Work to be completed: Your task is to copy every line below that contains the word "Gold".

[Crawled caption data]

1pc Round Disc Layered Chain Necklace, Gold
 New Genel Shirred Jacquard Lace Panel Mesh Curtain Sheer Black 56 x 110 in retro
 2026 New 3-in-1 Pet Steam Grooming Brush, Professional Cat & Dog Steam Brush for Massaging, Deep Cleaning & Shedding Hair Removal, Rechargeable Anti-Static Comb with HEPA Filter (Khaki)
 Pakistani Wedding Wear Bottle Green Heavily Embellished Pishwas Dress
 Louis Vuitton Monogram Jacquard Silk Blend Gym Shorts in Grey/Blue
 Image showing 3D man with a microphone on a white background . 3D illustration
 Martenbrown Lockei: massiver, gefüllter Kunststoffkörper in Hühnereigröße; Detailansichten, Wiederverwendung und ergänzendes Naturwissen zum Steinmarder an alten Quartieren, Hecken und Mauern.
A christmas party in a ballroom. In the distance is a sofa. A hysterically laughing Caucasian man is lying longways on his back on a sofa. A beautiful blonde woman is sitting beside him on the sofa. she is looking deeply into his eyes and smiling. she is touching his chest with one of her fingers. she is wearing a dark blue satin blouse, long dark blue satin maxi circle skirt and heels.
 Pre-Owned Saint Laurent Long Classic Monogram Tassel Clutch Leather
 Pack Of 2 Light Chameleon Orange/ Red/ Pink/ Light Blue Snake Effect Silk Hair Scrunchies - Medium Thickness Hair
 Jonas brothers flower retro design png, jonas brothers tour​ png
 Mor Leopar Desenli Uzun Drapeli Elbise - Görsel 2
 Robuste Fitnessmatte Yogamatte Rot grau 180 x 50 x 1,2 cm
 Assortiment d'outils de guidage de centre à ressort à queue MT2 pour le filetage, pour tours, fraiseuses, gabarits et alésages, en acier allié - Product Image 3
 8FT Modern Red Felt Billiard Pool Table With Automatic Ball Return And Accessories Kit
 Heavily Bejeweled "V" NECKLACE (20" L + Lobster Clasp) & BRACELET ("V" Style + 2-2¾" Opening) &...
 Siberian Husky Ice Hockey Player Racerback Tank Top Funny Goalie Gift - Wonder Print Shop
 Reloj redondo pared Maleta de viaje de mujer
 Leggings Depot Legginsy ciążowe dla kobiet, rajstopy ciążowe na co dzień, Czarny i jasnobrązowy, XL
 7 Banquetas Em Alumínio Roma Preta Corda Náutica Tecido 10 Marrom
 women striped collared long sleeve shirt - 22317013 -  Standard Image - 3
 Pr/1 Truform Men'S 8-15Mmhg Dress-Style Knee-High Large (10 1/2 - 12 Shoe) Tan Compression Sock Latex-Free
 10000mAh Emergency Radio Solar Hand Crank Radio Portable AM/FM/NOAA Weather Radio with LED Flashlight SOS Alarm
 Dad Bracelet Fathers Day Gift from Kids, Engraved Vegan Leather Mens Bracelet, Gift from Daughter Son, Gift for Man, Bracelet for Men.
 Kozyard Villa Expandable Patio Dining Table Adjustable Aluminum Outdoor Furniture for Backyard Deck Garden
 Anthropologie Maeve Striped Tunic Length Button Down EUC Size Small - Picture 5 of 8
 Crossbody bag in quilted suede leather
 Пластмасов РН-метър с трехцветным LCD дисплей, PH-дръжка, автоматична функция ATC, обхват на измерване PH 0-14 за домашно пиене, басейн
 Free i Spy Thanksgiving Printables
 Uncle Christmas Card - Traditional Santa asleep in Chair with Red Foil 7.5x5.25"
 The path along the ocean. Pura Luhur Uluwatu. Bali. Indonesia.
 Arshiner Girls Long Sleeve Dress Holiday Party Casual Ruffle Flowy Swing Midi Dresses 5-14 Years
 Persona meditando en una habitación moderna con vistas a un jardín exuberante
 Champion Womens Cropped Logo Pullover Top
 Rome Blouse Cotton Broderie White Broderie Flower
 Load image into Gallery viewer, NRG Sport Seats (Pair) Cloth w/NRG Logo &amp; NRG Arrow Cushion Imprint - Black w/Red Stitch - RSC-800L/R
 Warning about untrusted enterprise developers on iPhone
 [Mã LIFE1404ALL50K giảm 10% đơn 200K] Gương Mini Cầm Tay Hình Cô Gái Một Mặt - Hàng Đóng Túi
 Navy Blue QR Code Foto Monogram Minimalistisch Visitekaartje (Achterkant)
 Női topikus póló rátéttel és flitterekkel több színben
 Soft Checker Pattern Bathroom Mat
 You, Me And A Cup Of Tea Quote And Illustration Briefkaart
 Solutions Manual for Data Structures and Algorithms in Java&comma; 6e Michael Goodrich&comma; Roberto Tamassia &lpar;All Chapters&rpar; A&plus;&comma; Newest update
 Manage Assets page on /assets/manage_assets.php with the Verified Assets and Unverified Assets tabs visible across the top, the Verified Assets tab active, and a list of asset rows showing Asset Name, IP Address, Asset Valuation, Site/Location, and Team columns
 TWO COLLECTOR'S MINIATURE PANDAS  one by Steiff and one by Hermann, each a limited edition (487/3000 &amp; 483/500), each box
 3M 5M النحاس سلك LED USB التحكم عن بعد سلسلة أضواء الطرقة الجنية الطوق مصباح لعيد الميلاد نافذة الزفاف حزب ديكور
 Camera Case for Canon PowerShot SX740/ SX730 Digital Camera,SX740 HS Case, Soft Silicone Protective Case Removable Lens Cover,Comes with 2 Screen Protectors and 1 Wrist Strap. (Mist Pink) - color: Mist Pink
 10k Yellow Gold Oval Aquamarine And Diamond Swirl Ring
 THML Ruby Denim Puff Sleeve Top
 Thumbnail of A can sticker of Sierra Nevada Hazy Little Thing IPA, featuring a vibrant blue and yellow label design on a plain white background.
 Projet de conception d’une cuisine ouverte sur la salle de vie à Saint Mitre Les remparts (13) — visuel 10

Expected answer:
1pc Round Disc Layered Chain Necklace, Gold
 10k Yellow Gold Oval Aquamarine And Diamond Swirl Ring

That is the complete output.